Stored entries
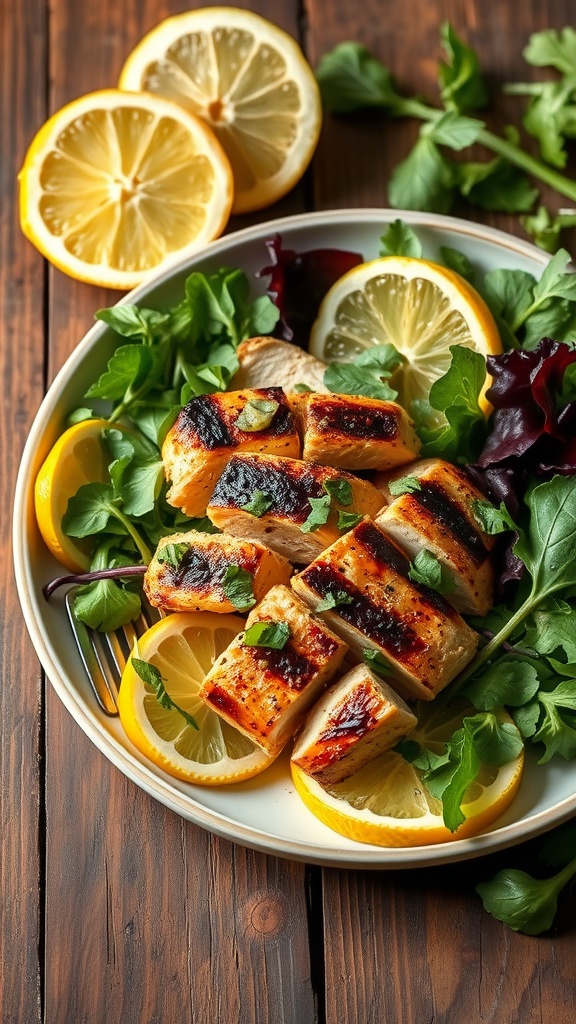 Lemon herb grilled chicken salad with fresh greens and lemon slices
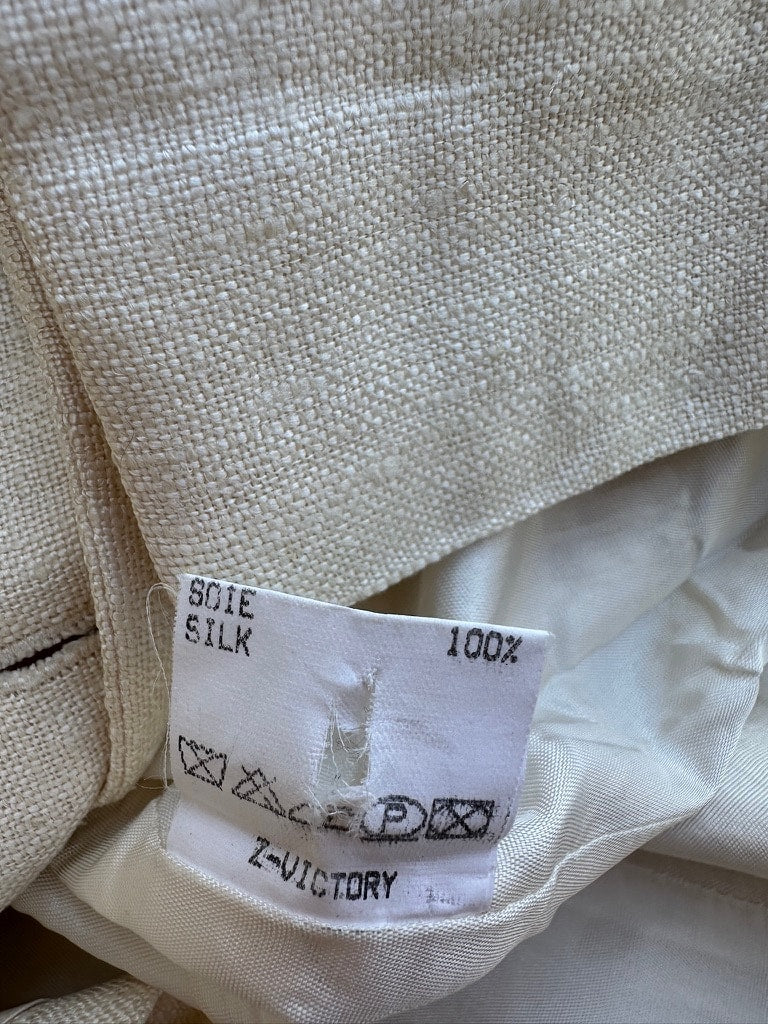 Blazer en soie écru vintage authentique par Tara Jarmon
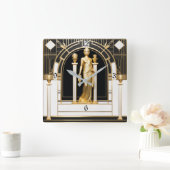 アールデコ スクエア壁時計 (ホーム)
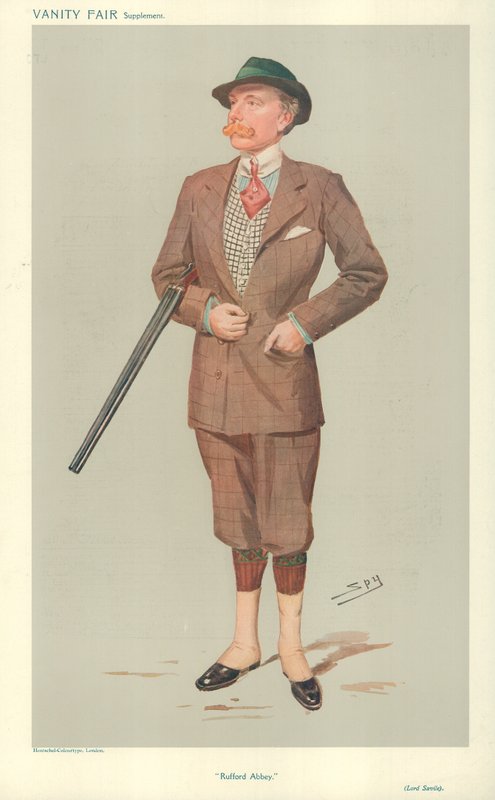 Lord John Savile, Rufford Abbey, 15 april 1908, Vanity Fair cartoon door Leslie Matthew Ward
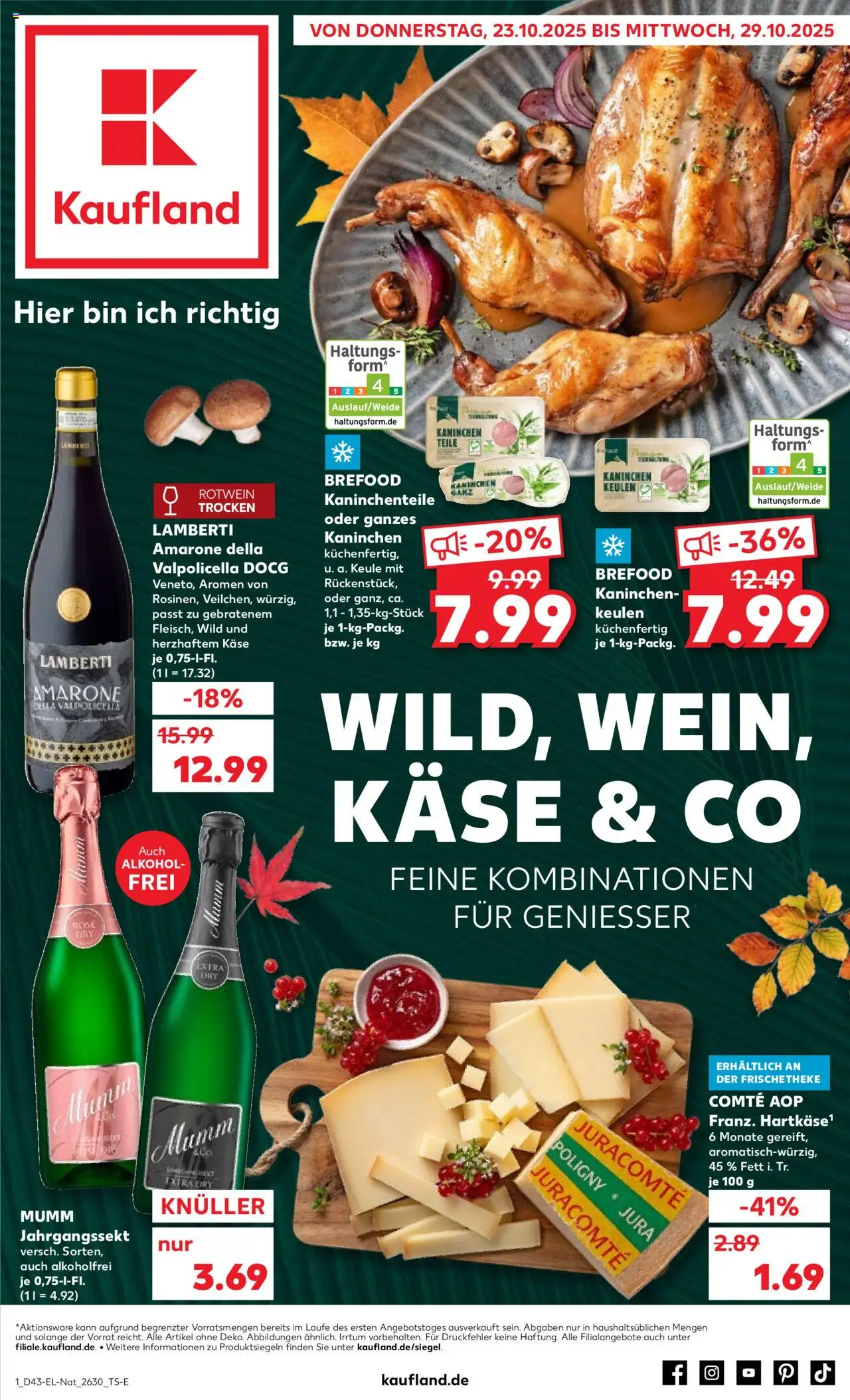 Kaufland prospekt Jena	 – gültig ab 23.10.2025 | Seite: 1 | Produkte: Jura, Käse, Kaninchen, Rotwein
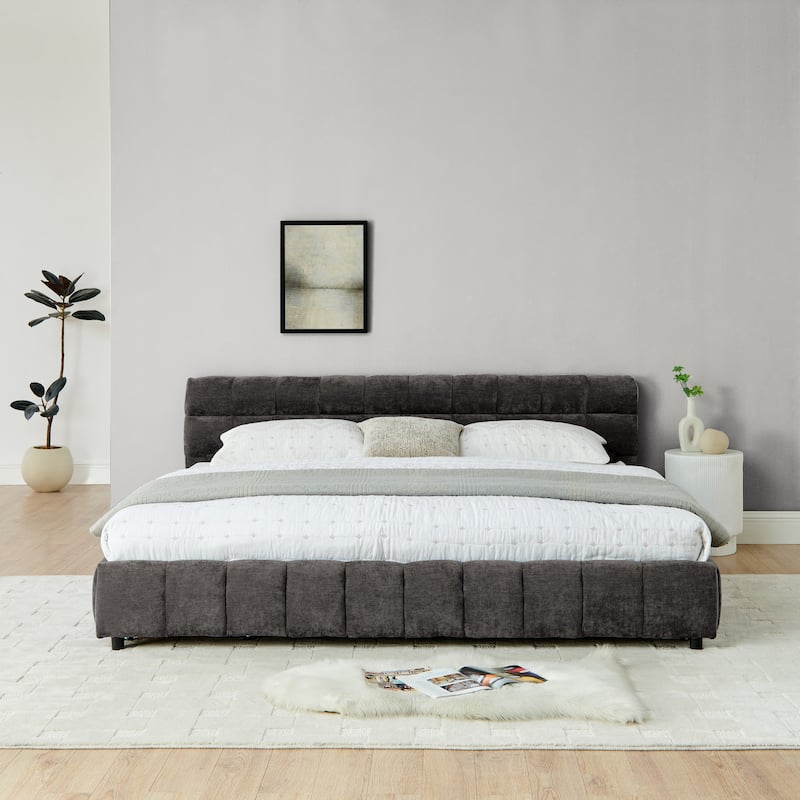 Block Thick Chenille Low Profile Platform Bed Fabric Upholstered Bedframe with Headboard Solid Wood Frame - Optional Storage Bed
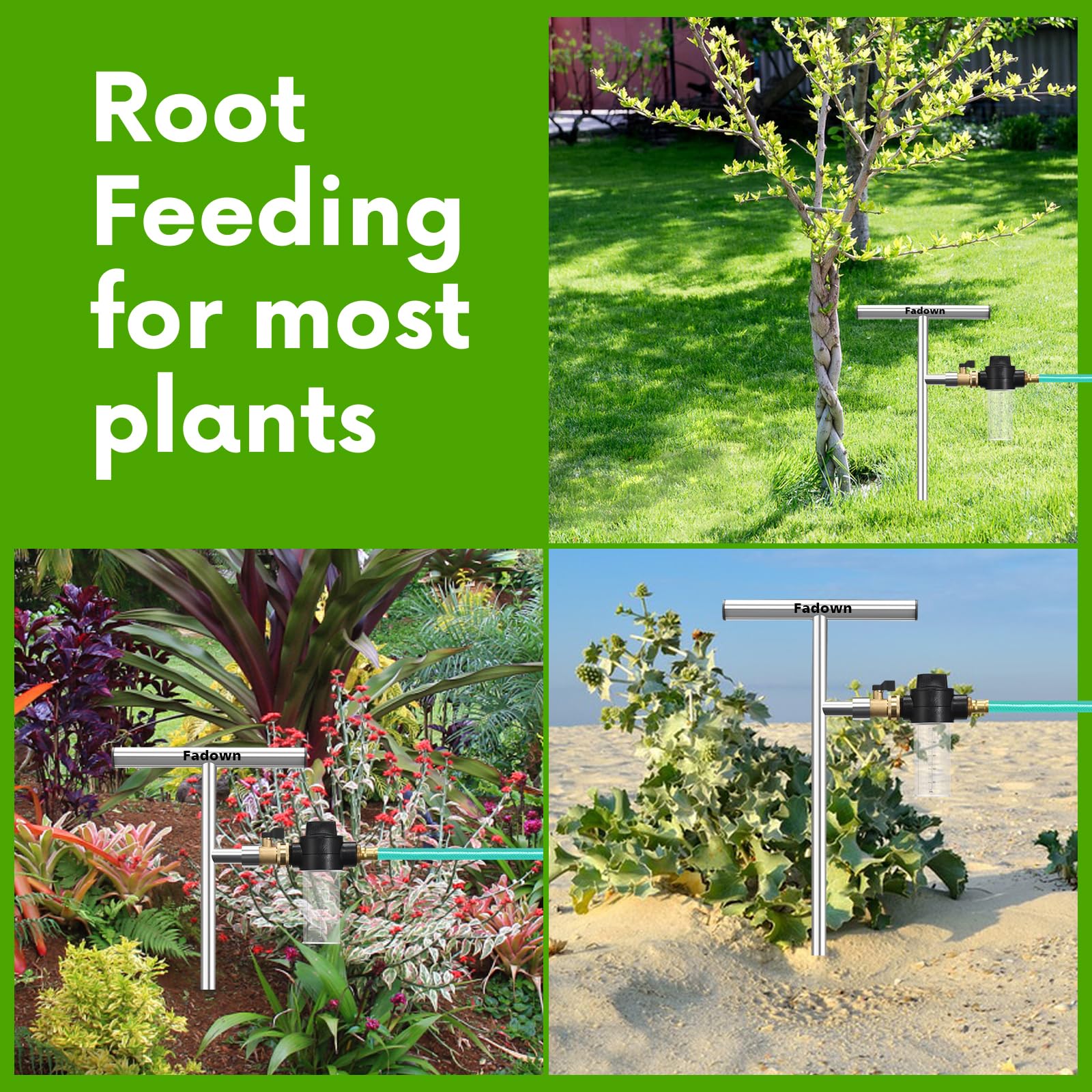 Irrigation System Root Feeder Tool Deep Root Water Feeder Stainless Steel  Deep Root Tree Watering Tool,Root Feeder With Fertilizer Bottle Watering  Wand Stake For Trees Bushes Shrubs Fruit Brass Valve T H, image size:1600x1600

What you will do
Write out the data above in full and exactly, but without the pictures.

Answer space
 Lemon herb grilled chicken salad with fresh greens and lemon slices
 Blazer en soie écru vintage authentique par Tara Jarmon
 アールデコ スクエア壁時計 (ホーム)
 Lord John Savile, Rufford Abbey, 15 april 1908, Vanity Fair cartoon door Leslie Matthew Ward
 Kaufland prospekt Jena	 – gültig ab 23.10.2025 | Seite: 1 | Produkte: Jura, Käse, Kaninchen, Rotwein
 Block Thick Chenille Low Profile Platform Bed Fabric Upholstered Bedframe with Headboard Solid Wood Frame - Optional Storage Bed
 Irrigation System Root Feeder Tool Deep Root Water Feeder Stainless Steel  Deep Root Tree Watering Tool,Root Feeder With Fertilizer Bottle Watering  Wand Stake For Trees Bushes Shrubs Fruit Brass Valve T H, image size:1600x1600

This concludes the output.